* _Material shown_:
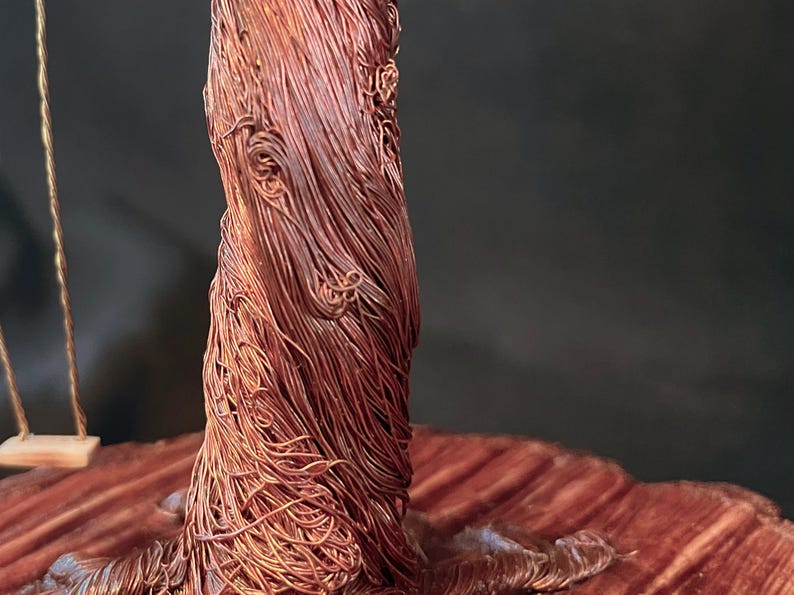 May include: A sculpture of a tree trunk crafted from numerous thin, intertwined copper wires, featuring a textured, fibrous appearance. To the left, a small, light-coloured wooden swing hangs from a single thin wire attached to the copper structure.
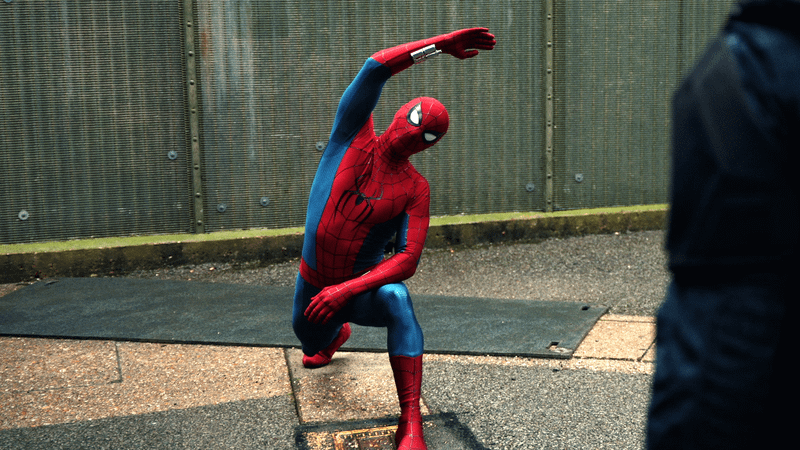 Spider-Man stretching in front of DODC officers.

--

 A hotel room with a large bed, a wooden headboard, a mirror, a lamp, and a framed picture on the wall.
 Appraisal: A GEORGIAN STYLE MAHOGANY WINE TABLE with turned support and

---

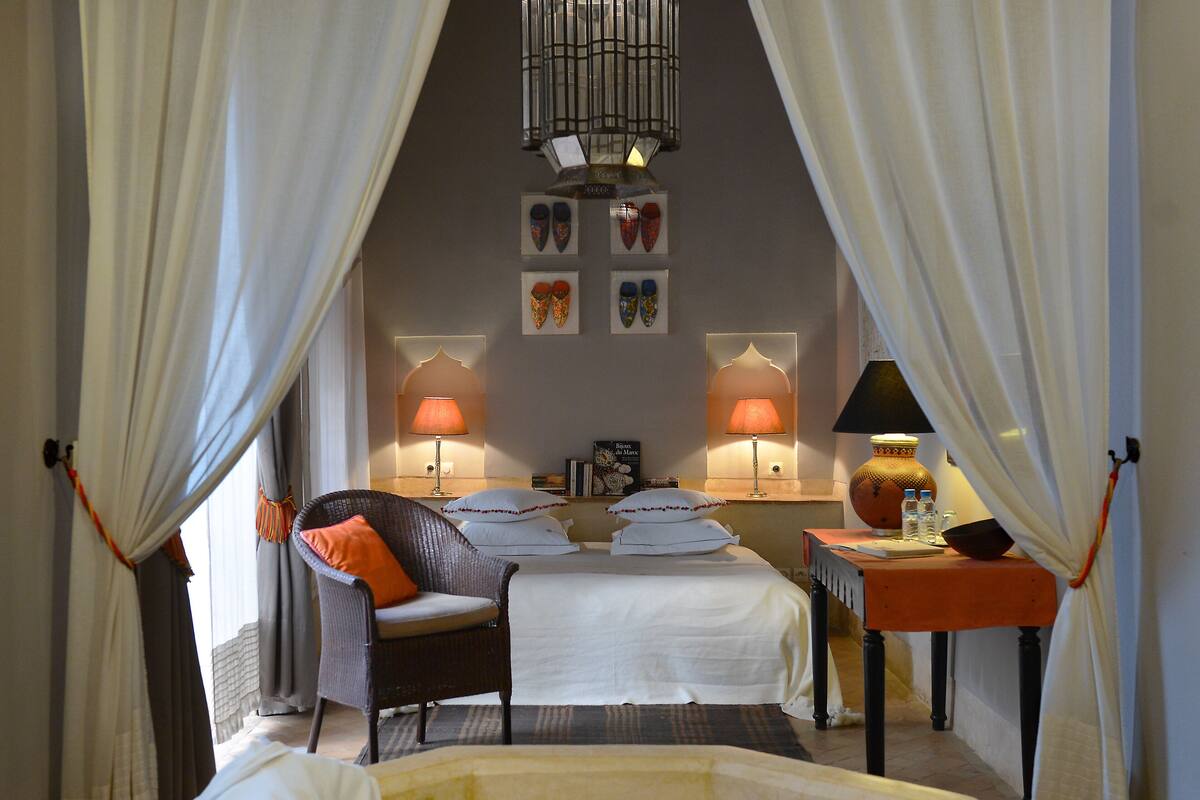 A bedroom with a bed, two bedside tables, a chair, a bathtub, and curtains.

* _Work to be completed_: Word for word, retype the lines in the entries above that run from the one with "May include: A" through the one with "Spider-Man stretching in". Both ends count; pictures do not.

* _The answer_:
 May include: A sculpture of a tree trunk crafted from numerous thin, intertwined copper wires, featuring a textured, fibrous appearance. To the left, a small, light-coloured wooden swing hangs from a single thin wire attached to the copper structure.
 Spider-Man stretching in front of DODC officers.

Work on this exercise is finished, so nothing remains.